Stored dataset items
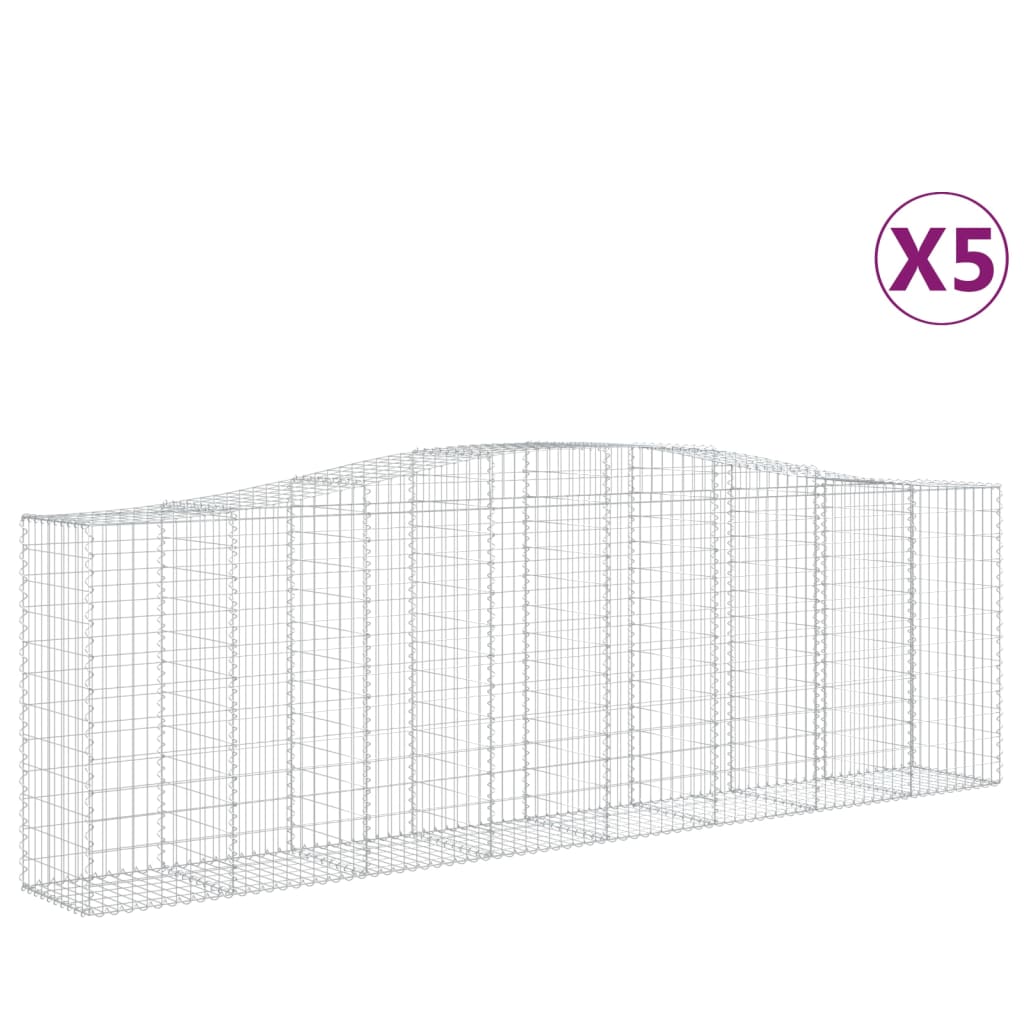Schanskorven 5 St Gewelfd 400X50X120/140 Cm Ijzer 400 x 50 x 120/140 cm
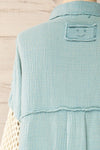 Jaipur Blue Oversized Shirt w/ Knit Sleeves | La petite garçonne  back close-up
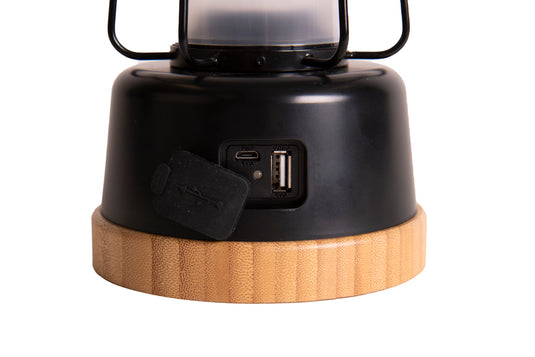 Luce da campeggio, dimmerabile, bambù+acciaio inox, batteria al litio 834874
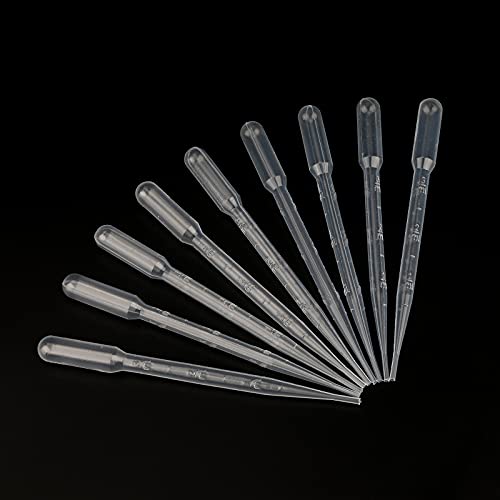 G2PLUS 100PCS 3ml Disposable Plastic Pipettes, Essential Oils Graduated Transfer Pipettes for Science Laboratory, Experiment, Essential Oils, Make up Tool - size: 3ML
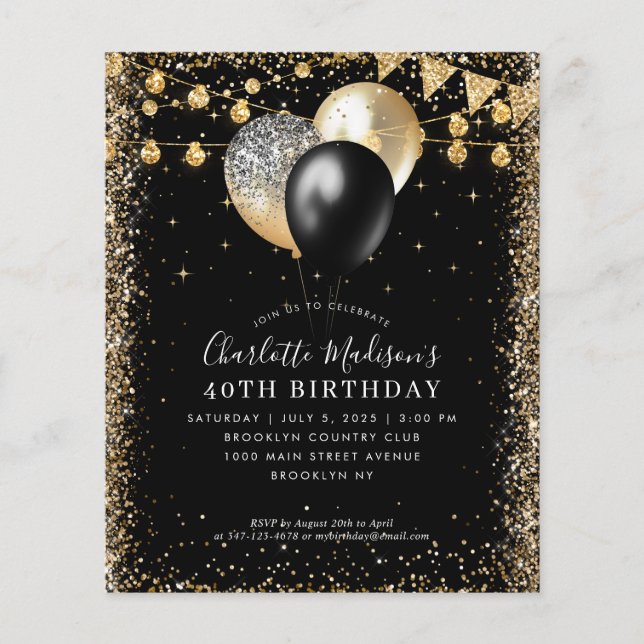 Budget Black Gold Glitter Lights Balloon Birthday (Front)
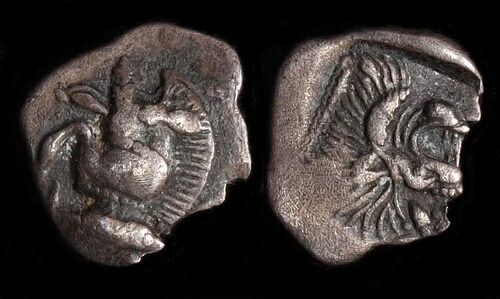 古代ギリシャ ミシア・キュジコス 紀元前 5 世紀 AR ヘミオボル。 S-3850を参照。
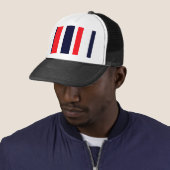 Witte, blauwe en rode strepen trucker pet (In situ)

Exercise instructions – Pictures aside, set down the lines from the one containing "G2PLUS 100PCS 3ml" through the end of the records above, exactly and only those.

Task response –
 G2PLUS 100PCS 3ml Disposable Plastic Pipettes, Essential Oils Graduated Transfer Pipettes for Science Laboratory, Experiment, Essential Oils, Make up Tool - size: 3ML
 Budget Black Gold Glitter Lights Balloon Birthday (Front)
 古代ギリシャ ミシア・キュジコス 紀元前 5 世紀 AR ヘミオボル。 S-3850を参照。
 Witte, blauwe en rode strepen trucker pet (In situ)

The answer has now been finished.